> was soll das heissen '...bekommt einen btm-eintrag bei der
> polizei?'
> dürfen die das denn? das ist doch datenschutz. die können doch
> nicht einfach ohne richterlichen beschluss daten über mich
> sammeln. haben die eine auskunftpflicht dass man da nachfragen
> kann was über einen gespeichert ist?
Na klar dürfen die das. Drogenbesitz ist eine Straftat, bei der die Polizei verpflichtet ist, selbstständig zu ermitteln (Es gibt auch eine ganze Latte von Dingen, wo der Geschädigte erstmal eine Anzeige stellen muss, bevor ermittelt werden muss/darf). Da durch eine Einstellung wegen Geringfügigkeit auch kein Freispruch erteilt wurde, bist Du dann sowieso irgendwie weiterhin unter verdacht...

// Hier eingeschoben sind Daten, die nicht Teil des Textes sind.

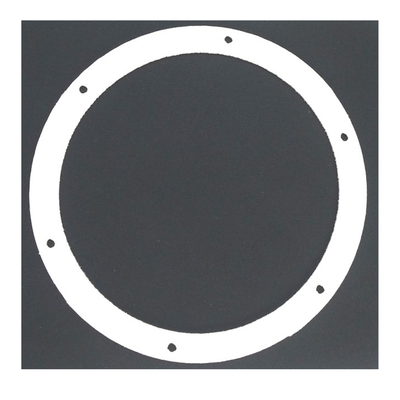 This is equivalent to Whitfield/61050041 Pellet Stove Gasket 20123.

Zumindest im Landkreis, wo das alles passiert ist, landet, wenn Du mit illegalen BTM erwischt wurdest, Dein Fall dann im Tagesbericht. Mindestens beim Kreis, mancherorts auch beim Land wird dann über Dich dann auch eingetragen, dass Du als BTM Konsument aufgefallen bist. Solltest Du bei der Festnahme ein Messer o.ä. dabei gehabt haben, schreiben die normalerweise auch gleich eine Warnung mit rein, dass man auf Waffen zu achten hat (Stichwort: Eigensicherung der Polizisten). Nur so nebenbei: Wenn Du zum Beispiel in einem AKW arbeiten willst, wird nicht nur ein polizeiliches Führungszeugnis verlangt, sondern man muss auch angeben, wo man die letzten Jahre überall gewohnt hat (Lügen hilft da nicht viel, das finden die auch so raus), damit der Verfassungschutz dann die dazugehörigen örtliche Polizei mal befragen kann... (Ein Kumpel von mir arbeitet im AKW und durfte so einen ganz wilden Fragebogen ausfüllen)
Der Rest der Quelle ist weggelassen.